You can now use the following steps to clone your PA repo.

1
2
3
4
5
% mkdir -p ${HOME}/ece2400
% cd ${HOME}/ece2400
% git clone git@github.com:cornell-ece2400/netid
% cd netid
% tree

where netid is your NetID. Recall that ad-hoc testing involves compiling a program manually from command line, and using that program to print out the result of your function. Then you can verify that the results are as expected.
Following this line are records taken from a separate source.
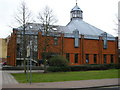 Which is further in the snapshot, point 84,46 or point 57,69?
point 84,46

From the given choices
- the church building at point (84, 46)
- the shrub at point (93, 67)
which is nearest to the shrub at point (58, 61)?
the shrub at point (93, 67)

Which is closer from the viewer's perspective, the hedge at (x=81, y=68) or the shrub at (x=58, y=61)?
the shrub at (x=58, y=61)

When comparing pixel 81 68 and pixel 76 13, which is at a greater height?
pixel 76 13

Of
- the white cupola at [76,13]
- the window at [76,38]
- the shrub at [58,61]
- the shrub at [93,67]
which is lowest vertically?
the shrub at [93,67]

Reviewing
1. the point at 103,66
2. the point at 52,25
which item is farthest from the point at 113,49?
the point at 52,25

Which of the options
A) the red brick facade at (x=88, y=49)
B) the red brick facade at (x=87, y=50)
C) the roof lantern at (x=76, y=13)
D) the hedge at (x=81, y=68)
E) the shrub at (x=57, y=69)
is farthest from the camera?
the roof lantern at (x=76, y=13)

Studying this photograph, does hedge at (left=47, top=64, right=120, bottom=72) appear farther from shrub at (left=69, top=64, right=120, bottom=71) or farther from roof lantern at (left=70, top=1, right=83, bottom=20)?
roof lantern at (left=70, top=1, right=83, bottom=20)

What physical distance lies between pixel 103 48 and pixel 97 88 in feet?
136

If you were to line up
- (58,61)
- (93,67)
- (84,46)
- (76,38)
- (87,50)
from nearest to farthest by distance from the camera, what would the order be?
(58,61) < (93,67) < (76,38) < (84,46) < (87,50)

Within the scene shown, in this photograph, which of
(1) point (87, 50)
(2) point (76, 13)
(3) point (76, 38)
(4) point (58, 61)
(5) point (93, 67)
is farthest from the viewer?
(2) point (76, 13)

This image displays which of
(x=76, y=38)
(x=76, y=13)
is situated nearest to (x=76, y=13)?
(x=76, y=13)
We have included an ad-hoc test for each implementation in your repo that you can use for early experimentation.

1
2
3
% cd ${HOME}/ece2400/netid/pa1-math/src
% gcc -Wall -o sqrt-iter-adhoc ece2400-stdlib.c sqrt-iter.c sqrt-iter-adhoc.c
% ./sqrt-iter-adhoc

These ad-hoc tests will not print out the correct value because you haven't completed the programming assignment yet, but this at least illustrates how we can used what we have learned in this discussion section to compile an ad-hoc test from the command line.

6. To-Do On Your Own

If you have time, create a new source file named avg3-main.c in the ${HOME}/ece2400/sec02 directory that contains an avg3 function. This function should calculate the average of three values instead of just two. Modify the main function to properly call your updated function. Compile your new program and run it to verify it calculates the average correctly.